Data below section start

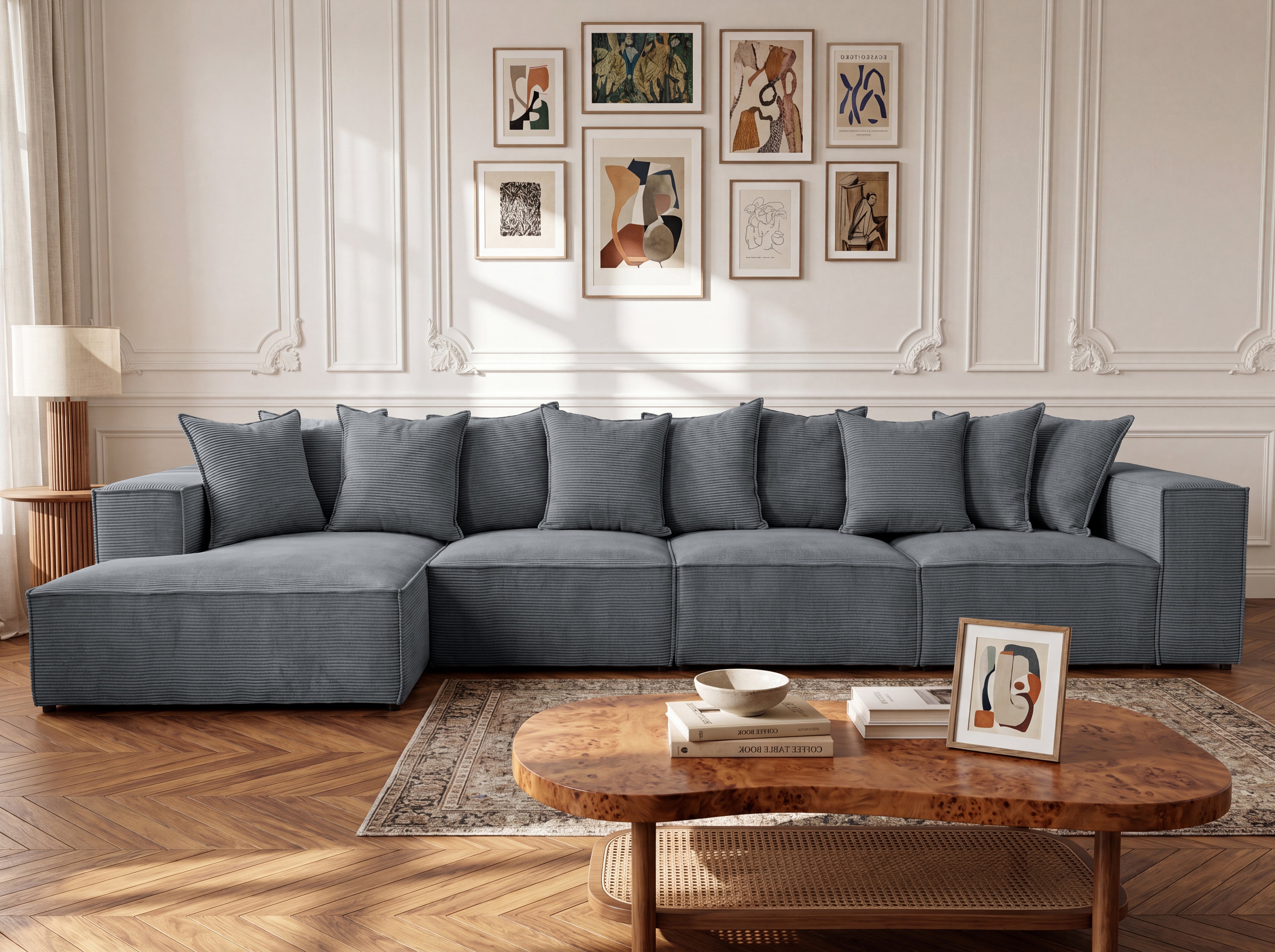 Designer corner sofa Largo Maxi in Corduroy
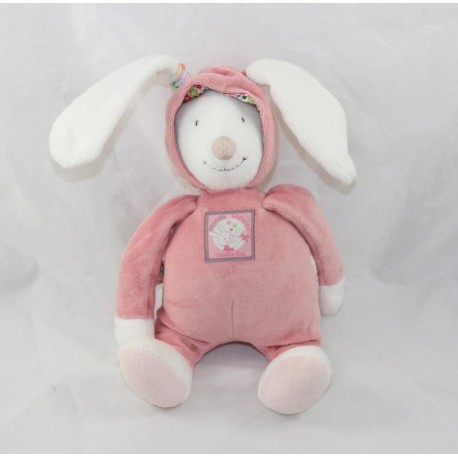 Musical cuddly toy rabbit MOULIN ROTY Blueberry & Capucine pink hood 26 cm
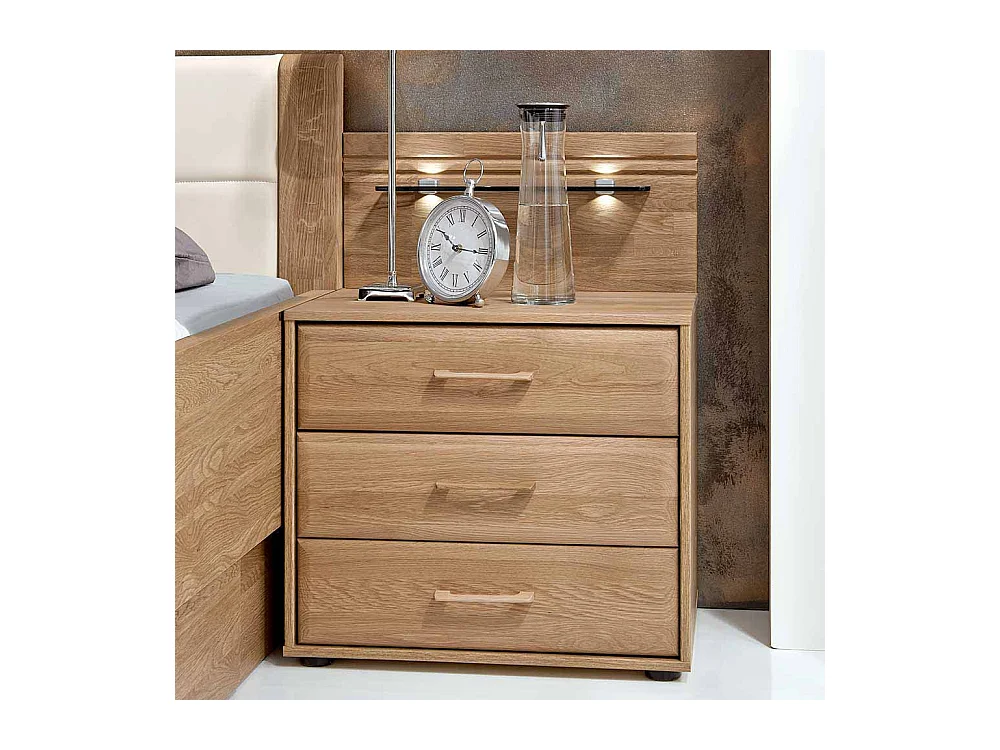 Komfortbett aus Eiche Polsterkopfteil in Creme Weiß (dreiteilig)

Data below section end

Could you give the listing above again word for word, without any pictures?

Exercise solution:
 Designer corner sofa Largo Maxi in Corduroy
 Musical cuddly toy rabbit MOULIN ROTY Blueberry & Capucine pink hood 26 cm
 Komfortbett aus Eiche Polsterkopfteil in Creme Weiß (dreiteilig)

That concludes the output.